Data provided: Begin

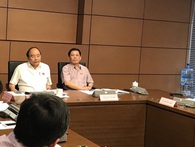 Thủ tướng: Người dân, doanh nghiệp mong chờ, nhưng chúng ta chưa làm tròn trách nhiệm! Thủ tướng: Người dân, doanh nghiệp mong chờ, nhưng chúng ta chưa làm tròn trách nhiệm!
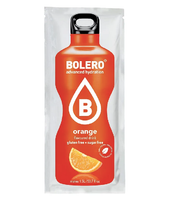 Bolero Instant Orange 9g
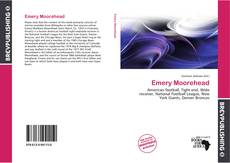 Buchcover von Emery Moorehead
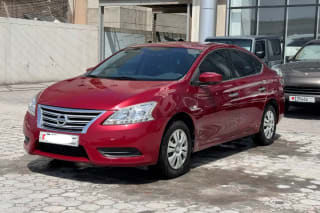 2016 Nissan Sentra Other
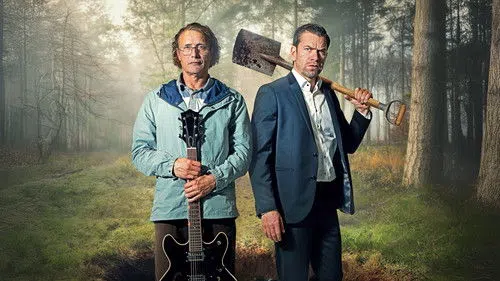 Den sidste viking izle afişi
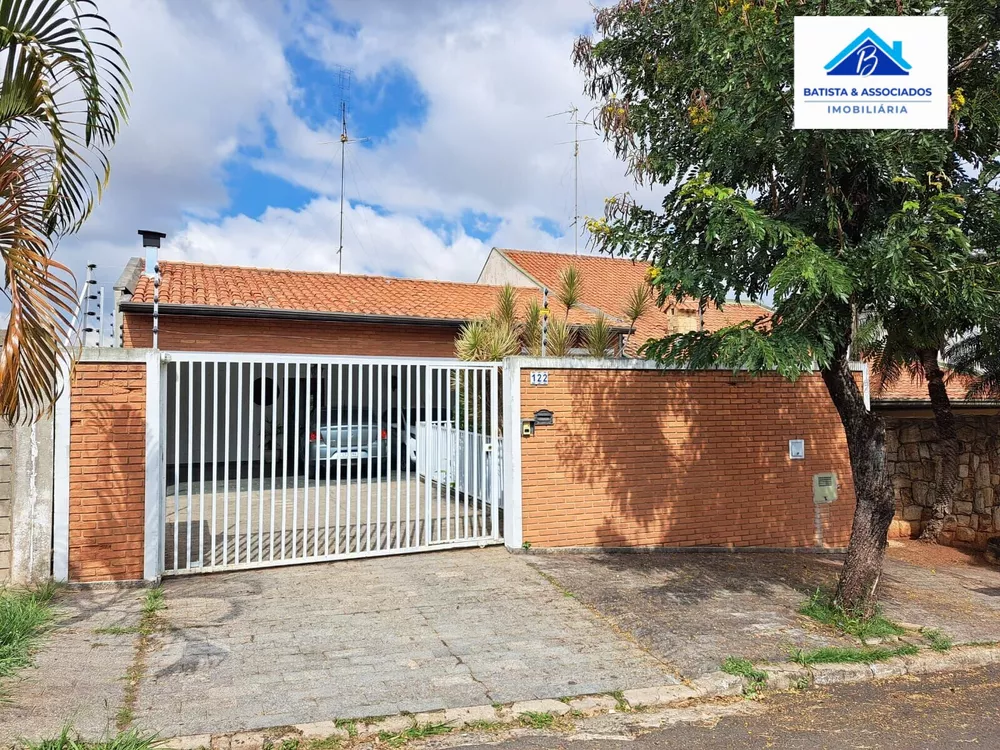 Casa, 3 quartos, 437 m² - Foto 14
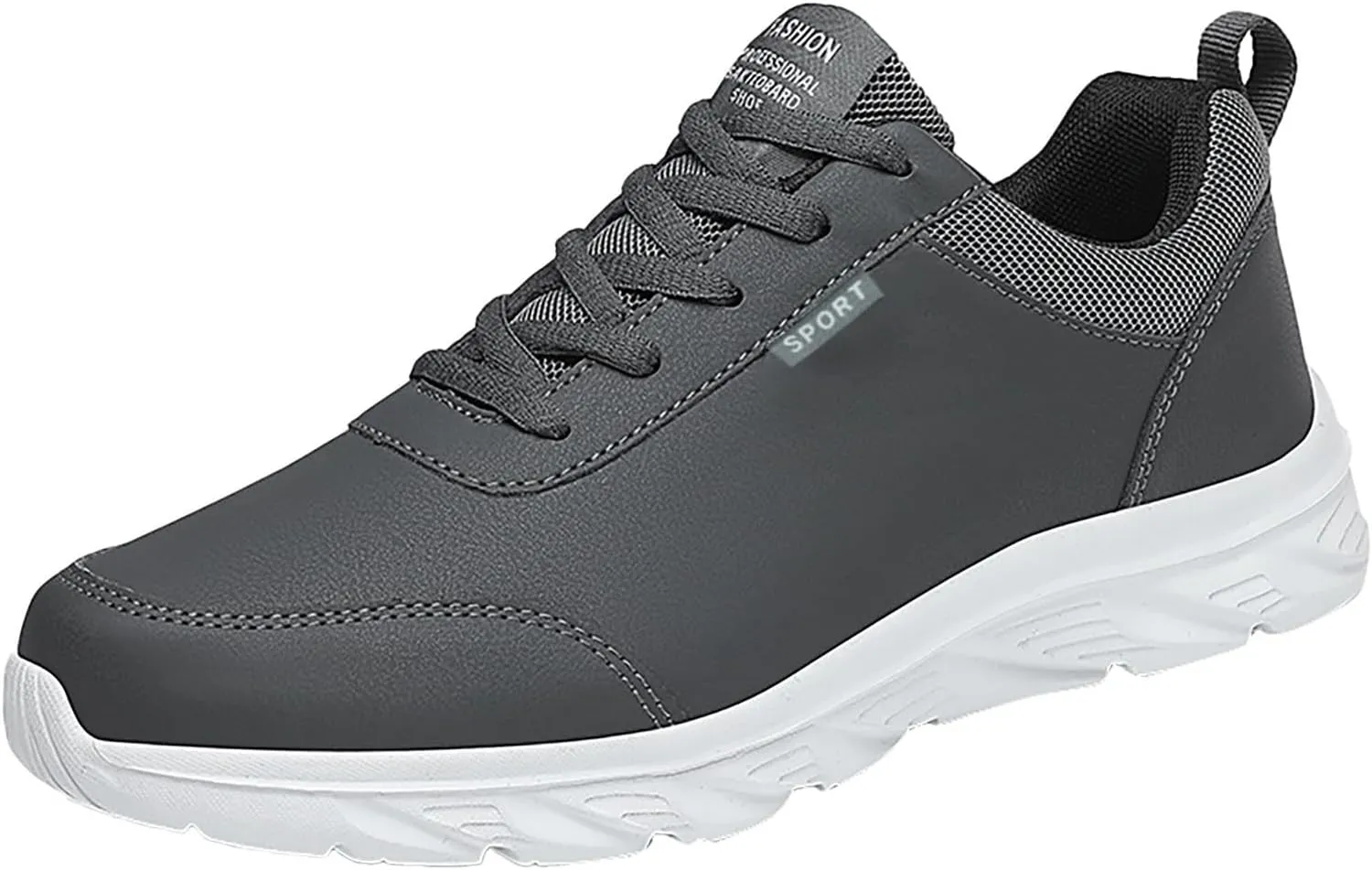 Mens Walking Shoes Men's Sneakers Tennis Shoe for Men Shoe for Men Mesh for Everyday and Travel Sneaker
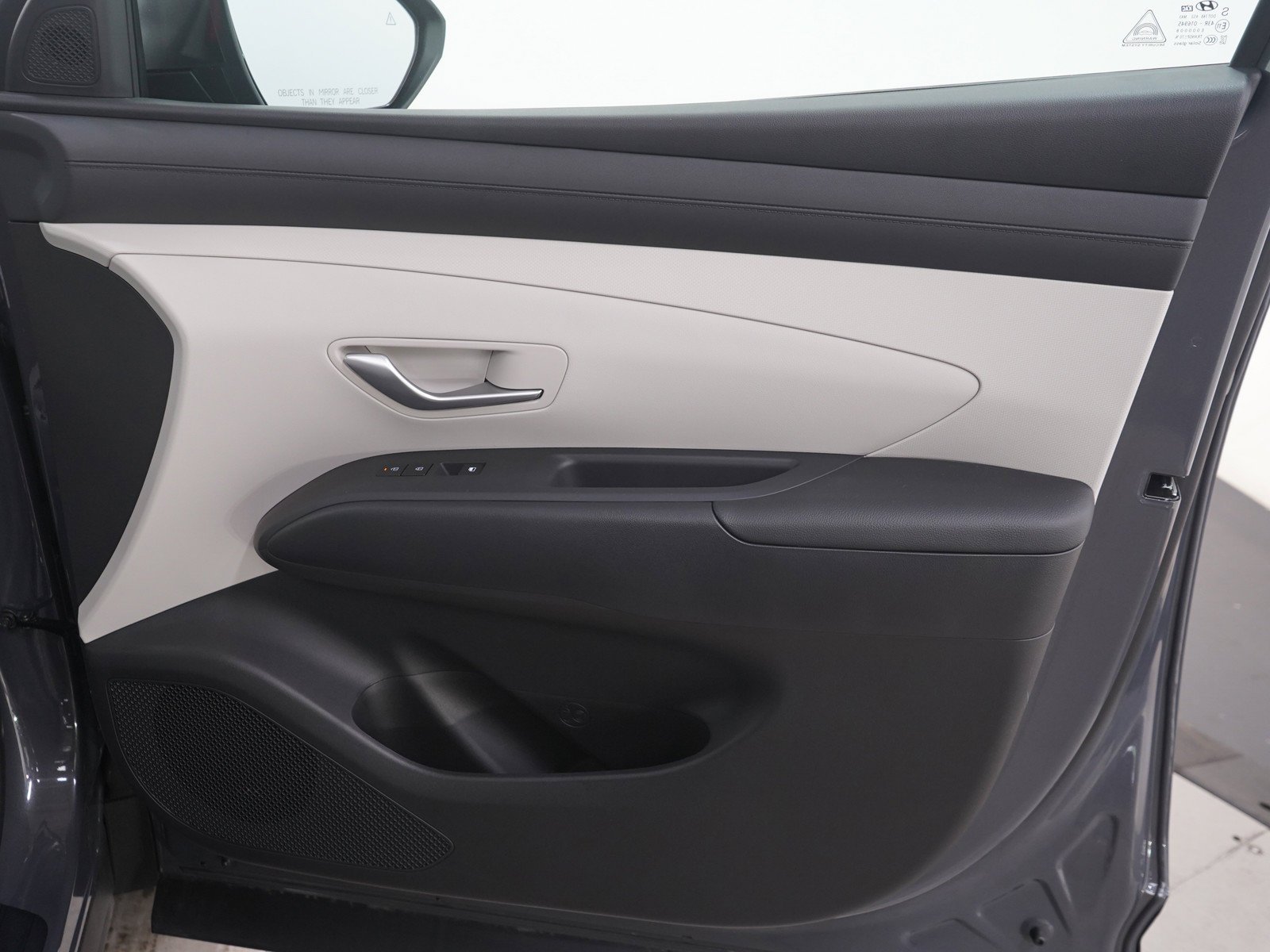 2026 Hyundai Tucson Blue SE - Photo 11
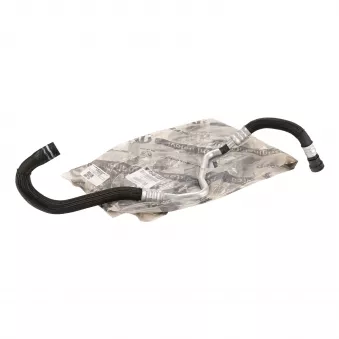 Tuyau hydraulique, système de direction OE OEM 1357425080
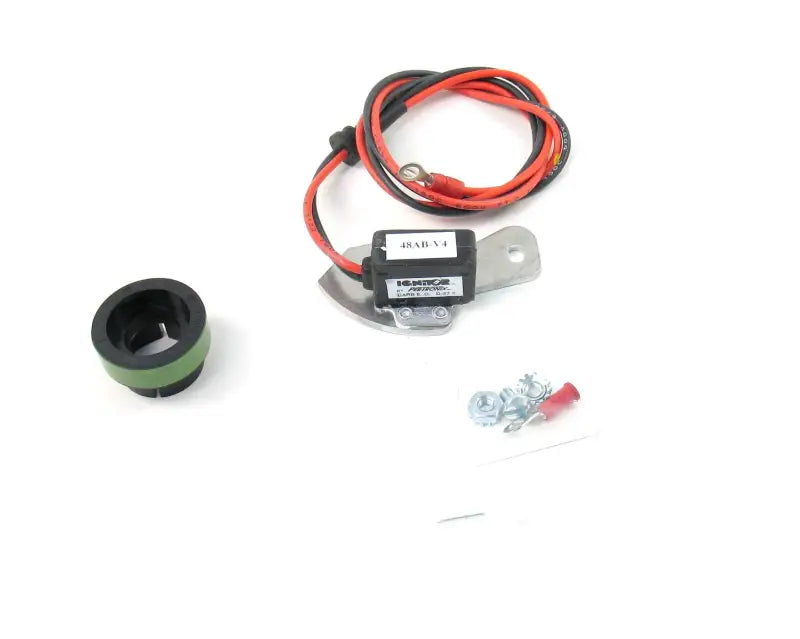 1261 Electronic Ignition Conversion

Data provided: End

Exercise instructions. The range to print runs from the line with "Mens Walking Shoes" through the last line of the entries, both included; keep it exact and skip the pictures.

Task output.
 Mens Walking Shoes Men's Sneakers Tennis Shoe for Men Shoe for Men Mesh for Everyday and Travel Sneaker
 2026 Hyundai Tucson Blue SE - Photo 11
 Tuyau hydraulique, système de direction OE OEM 1357425080
 1261 Electronic Ignition Conversion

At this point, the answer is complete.